As the dust has settled on Snowpocalypse, the sun is shining in California and increasingly international factions of the art world are making their way to Los Angeles for the city’s biggest art week of the year. Three fairs that could not be more different (or far away) from each other converge this weekend, along with a host of collateral events and exhibitions organized by Angelenos and visitors alike.
The original draw is Art Los Angeles Contemporary (ALAC), the fair held at the Barker Hangar at the Santa Monica Airport, the preview for which is tonight. As a Westside outpost for art, it’s a local destination for all the collectors scattered around L.A.’s tonier neighborhoods who ordinarily find themselves trekking into West Hollywood or beyond in order to get their fix. On view until Sunday, the fair boasts 62 participating galleries: European dealers like Standard (Oslo) and Berlin’s Johann König join hometown shops like François Ghebaly Gallery, David Kordansky Gallery and Various Small Fires, plus one non-profit, Land, and an artist-run gallery in Glendale, the Pit. Presiding over the entrance is a monumental sculpture of a contemplative man in a squat by the artists Michael Decker and Aaron Wrinkle, blown up from an anonymous tchotchke they found in a thrift store.
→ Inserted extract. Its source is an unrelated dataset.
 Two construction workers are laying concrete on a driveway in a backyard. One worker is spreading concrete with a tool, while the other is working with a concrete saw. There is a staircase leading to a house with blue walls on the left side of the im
Also tonight, Printed Matter’s L.A. Art Book Fair previews at the Geffen Contemporary at MoCA downtown. Open to the public from Friday to Sunday, the space will be taken over by more than 250 independent presses and book stores for a swap meet of music-festival-sized proportions. Rounding off the opening events are musical performances by No Age and Prince Rama, while the Los Angeles-based artist Frances Stark will deliver the keynote address of the companion Contemporary Art Books Conference on the importance of writing and text in her practice.
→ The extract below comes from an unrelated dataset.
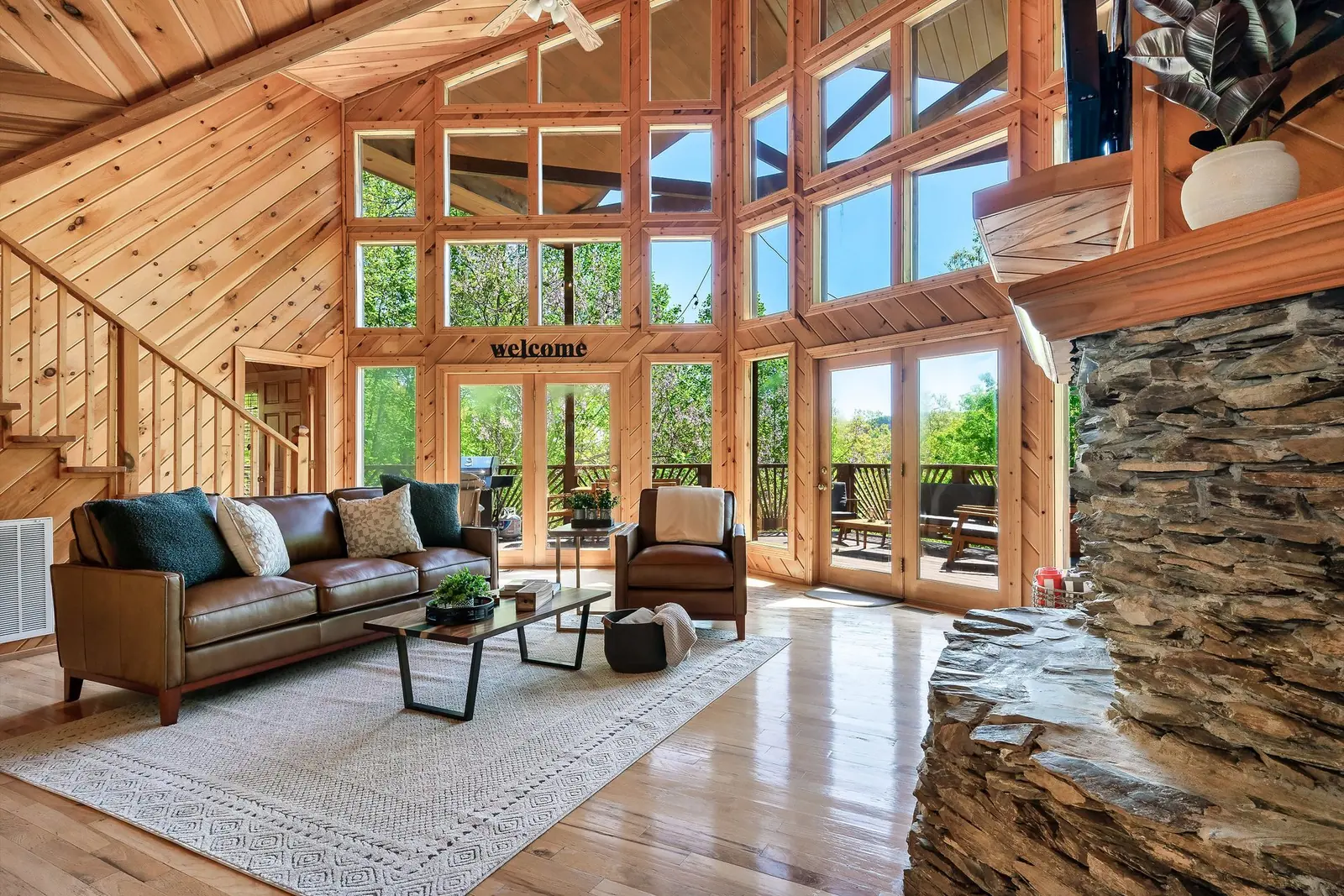 Open timber-frame living room with large windows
After a blockbuster first edition last year, Paramount Ranch is back and bigger than before. Held on Saturday and Sunday, the satellite fair takes the saloon, pharmacy, inn and other sets from Paramount Pictures’s classic Western town setup in far-off Agoura Hills, filling them with art for sale by a curated group of mostly younger galleries. The event is organized by Paradise Garage in Venice and Freedman Fitzpatrick in Hollywood, and one of this year’s more anticipated additions is that of the Parisian dealer Chantal Crousel, who lends some blue-chip gravitas. Programming galore begins with “live painting on stage,” for which the local artist Richard Hawkins has enlisted painters Vittorio Brodmann, Julien Ceccaldi, Aaron Curry, Andrei Koschmieder, Ruby Neri, Tyson Reeder, and Jason Yates to do just that. Another highlight is “Kaya’s House,” a life-size dollhouse created by the artists Kerstin Brätsch and Debo Eilers, which promises drinking games and other forms of merriment all weekend.
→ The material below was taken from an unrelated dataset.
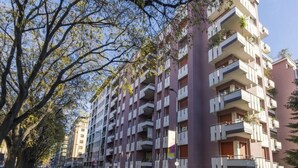 Un edificio residencial de varios pisos con balcones, coches aparcados y árboles a lo largo de la calle.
Of the ancillary openings and pop-ups around town, one that smacks of the continental zest for only-in-L.A. site specificity is Hollywood Hills House, an in-home exhibition organized by the French curators Pierre-Alexandre Mateos and Charles Teyssou. Installed in the Beachwood Canyon Spanish Revival home of the collector and dealer Shirley Morales, the exhibition features works by artists ranging from the Modernist great Yves Klein to the inscrutable, Chicago-based Puppies Puppies. A suite of performances culminates on Sunday, when a piano performance in the living room will drift to a staged reading in the bathtub, and finally a more formal lecture by the Renaissance Society’s Hamza Walker.